Over enkele dagen zou Rika vertrekken uit de weesinrichting, hoorde ze die dag. Ze zal geweten hebben dat haar vertrek aanstaande was. Als negentienjarige had ze er tenslotte de leeftijd voor. Haar vriendinnen verlieten rond die leeftijd de weesinrichting een voor een. Ze kan gedacht hebben aan Sibbeltje Adema en Hendrika van Loon. Sibbeltje uit Arum in Friesland was op 3 mei naar Gorinchem vertrokken. Hendrika, geboren op 8 mei 1873 in het Gelderse Dieren, reisde op een dag na haar twintigste verjaardag af naar een dienstje in Breda. Voor Rika lag een leven buiten Nederland in het verschiet. De emigratiepapieren voor de Verenigde Staten van Amerika lagen gereed en via vrienden van de weesinrichting had mijnheer Van ’t Lindenhout werk voor haar geregeld in Amerika. Dat deed hij al sinds hij zeven jaar eerder zelf een reis naar Nederlandse emigrantengemeenschappen in Amerika had gemaakt.
De reis vanuit Rotterdam met eindbestemming New-York was geboekt. Dat Rika nu hoorde dat haar moeder nog leefde, veranderde daar niets aan. Ze zou in 1893 een van de bijna honderd wezen van Neerbosscher worden die sinds 1886 naar de Nieuwe Wereld waren vertrokken.

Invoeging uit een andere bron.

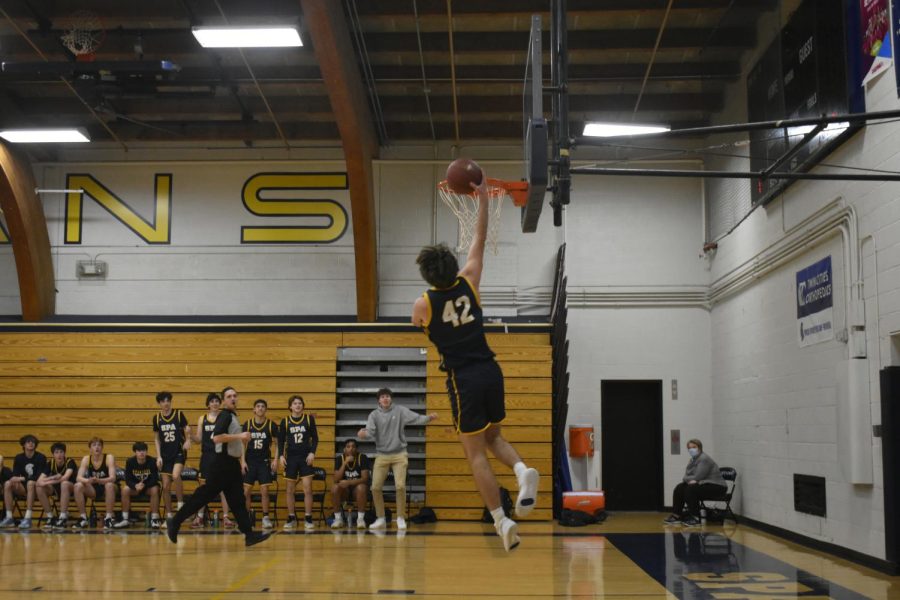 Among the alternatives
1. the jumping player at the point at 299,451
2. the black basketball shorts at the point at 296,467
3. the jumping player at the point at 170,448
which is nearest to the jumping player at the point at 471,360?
the jumping player at the point at 299,451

Misschien was dat maar goed ook. Normaal had ze in Nederland met haar opleiding tot dienstbode goed terecht kunnen. Ze kon lezen en schrijven en de dienstbodes van Neerbosch hadden een uitstekende naam. Dienstbodes van Neerbosch stonden bekend als volgzaam en vlijtig. Ze waren meer in trek als meid in de huishouding dan de nuffige, verwaande meiden waarover dames uit de hogere standen het onderling zo vaak hadden. Zo niet over de meisjes van Neerbosch! Zij waren opgeleid in een weesinrichting met ten tijde van Rika’s vertrek ruim duizend kinderen – en de groei was er, als het aan de directeur lag, nog lang niet uit.
In 1877 was Rika door de diaconie van de Nederlandse hervormde kerk in Delft naar Neerbosch gebracht. ‘Met de kleine De Graaf is het wel’, staat op een klein, wit geruit blaadje in het Delftse archief. Het briefje is gedateerd 21 mei 1878 en door administrateur Arend-Jan Bloemendal verstuurd vanuit Neerbosch. ‘Ze is gezond en huppelt onder de menigte vlug en vrolijk heen’, schrijft hij. Het is een verantwoording van de weesinrichting aan haar financiers en de Delftse diaconie was er daar een van.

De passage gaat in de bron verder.